Bütün renkler siyahtan daha açık ve daha ışıklıdır. O nedenle her renk, siyahın üzerinde daha ışıklı durur. Çünkü karşılaştırılan farklılıklar birbirlerini aksi uçlara doğru güçlendirirler.
Gelgelelim, renklerin fizyo-psikolojik yönleri konusunda yapılan çalışmalara göre siyah, sessizlik, umutsuzluk, korku, kaygı, çöküntü ve tiksinmeyi anlatır; aynı zamanda gücü, tutkuyu ve hırsı ifade eder. Ciddiyet ve resmiyeti de gösterir. Renk sembolizmine göre ise ışık ve karanlık prensipleri diğer bütün renklerin ana kaynağıdır. Bunun doğal sonucu olarak ışık beyaz renkle, karanlık da siyah renkle sembolize edilir. Siyah anlatılamaz, dile getirilemez şeyleri ifade eder.

Çoğu siyah pigment, amorf karbon olarak adlandırılan grafit veya kömüre benzer doğal pigmentlerdir. Bazı durumlarda bu siyah pigment, kömürleşmiş hayvan kemiklerinden veya yanmış bitkisel maddelerden yapılır. Aslında, neredeyse tüm siyah boyalar, daha yakın zamanda geliştirilmiş bir siyah pigment olan sentetik demir oksit dışında, bir tür yanmış malzemeden yapılır.
1994 yılında Fransa’nın güneyinde keşfedilen Chauvet Mağarası’nın 2016 yılında yapılan karbon testlerinde tespit edilen biri 32.000 yıl ile diğeri yaklaşık 26.000 yıl önceye ait iki farklı yerleşimde 36 bin km2’lik alanda 442 hayvan figürü, tarihte ilk siyah resimler olacağı belki de bilinmeden kömürle çizilmiş ve bu çizimlerin bazıları kırmızı aşı boyasıyla renklendirilmiştir. Bu ve benzerleri sanattaki bildiğimiz en eski siyah kullanımıdır.

Eski Mısır resimlerinde de kurum, kömür ve yanmış hayvan kemiklerinden elde edilen siyah boya, figürlerin saç renginde, resimlerin dış çizgilerinde ve hiyerogliflerde kullanılmıştır. Pek çok tanrı ve tanrıça siyah renkle gösterilir.

Simgesel olarak siyah (khem) Eski Mısır’da ölüm, gece ve yeraltı dünyasını temsil eder. Yeraltı dünyasının ve yeniden dirilişin hükümdarı olan Osiris’e ‘siyah’ denirken aynı zamanda her yıl taşan Nil nehrinin sürüklediği verimli toprakların renginden ötürü Mısır’a ‘siyah toprak’ denmiştir.
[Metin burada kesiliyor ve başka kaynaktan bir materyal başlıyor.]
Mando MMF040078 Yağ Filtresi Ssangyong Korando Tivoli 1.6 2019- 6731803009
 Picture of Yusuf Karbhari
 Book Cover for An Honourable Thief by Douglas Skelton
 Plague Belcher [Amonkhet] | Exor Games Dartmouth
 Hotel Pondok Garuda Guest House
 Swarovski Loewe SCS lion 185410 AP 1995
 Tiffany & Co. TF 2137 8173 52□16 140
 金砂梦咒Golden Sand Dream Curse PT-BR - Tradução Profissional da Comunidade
Burada siyah, çöl kumlarının taşıdığı ve kısırlığın simgesi olan kırmızının tersine verimliliği ve doğurganlığı temsil eder. Mısır’da siyah yaşamın, Yunan ve Roma dünyasında ise ölümün simgesiydi.
Yunan sanatında, Mısır sanatında görülen belli katı kurallar yoktur. Eski Yunan’da sanatçılar bilinene kendi gördüğünü eklemiş, dolayısıyla figürleri çevreleyen sınırlar varlığını korusa da olay örgüsü içinde hareketleri rahatlamıştır. Yunan sanatında MÖ 7. yüzyıl sonu ile 6. yüzyılda vazolarda beyaz ve kırmızı renklerin çok az olarak yer aldığı, genel olarak siyaha boyanmış açık zeminde yer alan “siyah figürlü üslup” görülür. Yunan çömleklerinin üzerindeki parlak metalik siyah, üretimi sırasında kullanılan çamurun cinsinden kaynaklanır.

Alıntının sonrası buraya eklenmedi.